*** Block opens ***
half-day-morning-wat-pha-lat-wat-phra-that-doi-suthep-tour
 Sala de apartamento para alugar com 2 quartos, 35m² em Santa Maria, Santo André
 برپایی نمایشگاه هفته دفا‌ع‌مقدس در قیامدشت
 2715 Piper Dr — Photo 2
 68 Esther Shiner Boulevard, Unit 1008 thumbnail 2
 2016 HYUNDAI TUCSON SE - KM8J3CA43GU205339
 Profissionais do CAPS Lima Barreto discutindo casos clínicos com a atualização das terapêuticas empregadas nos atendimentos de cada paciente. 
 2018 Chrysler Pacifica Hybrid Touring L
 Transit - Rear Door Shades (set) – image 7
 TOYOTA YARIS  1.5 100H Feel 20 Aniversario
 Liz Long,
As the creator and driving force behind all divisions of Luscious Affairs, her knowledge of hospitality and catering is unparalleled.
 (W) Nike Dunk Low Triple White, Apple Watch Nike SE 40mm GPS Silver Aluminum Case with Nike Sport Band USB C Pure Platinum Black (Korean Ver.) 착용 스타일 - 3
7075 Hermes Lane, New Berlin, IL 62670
*** Block closes ***
- [Your goal] Could you return the complete set of entries exactly?

- [Task result]
half-day-morning-wat-pha-lat-wat-phra-that-doi-suthep-tour
 Sala de apartamento para alugar com 2 quartos, 35m² em Santa Maria, Santo André
 برپایی نمایشگاه هفته دفا‌ع‌مقدس در قیامدشت
 2715 Piper Dr — Photo 2
 68 Esther Shiner Boulevard, Unit 1008 thumbnail 2
 2016 HYUNDAI TUCSON SE - KM8J3CA43GU205339
 Profissionais do CAPS Lima Barreto discutindo casos clínicos com a atualização das terapêuticas empregadas nos atendimentos de cada paciente. 
 2018 Chrysler Pacifica Hybrid Touring L
 Transit - Rear Door Shades (set) – image 7
 TOYOTA YARIS  1.5 100H Feel 20 Aniversario
 Liz Long,
As the creator and driving force behind all divisions of Luscious Affairs, her knowledge of hospitality and catering is unparalleled.
 (W) Nike Dunk Low Triple White, Apple Watch Nike SE 40mm GPS Silver Aluminum Case with Nike Sport Band USB C Pure Platinum Black (Korean Ver.) 착용 스타일 - 3
7075 Hermes Lane, New Berlin, IL 62670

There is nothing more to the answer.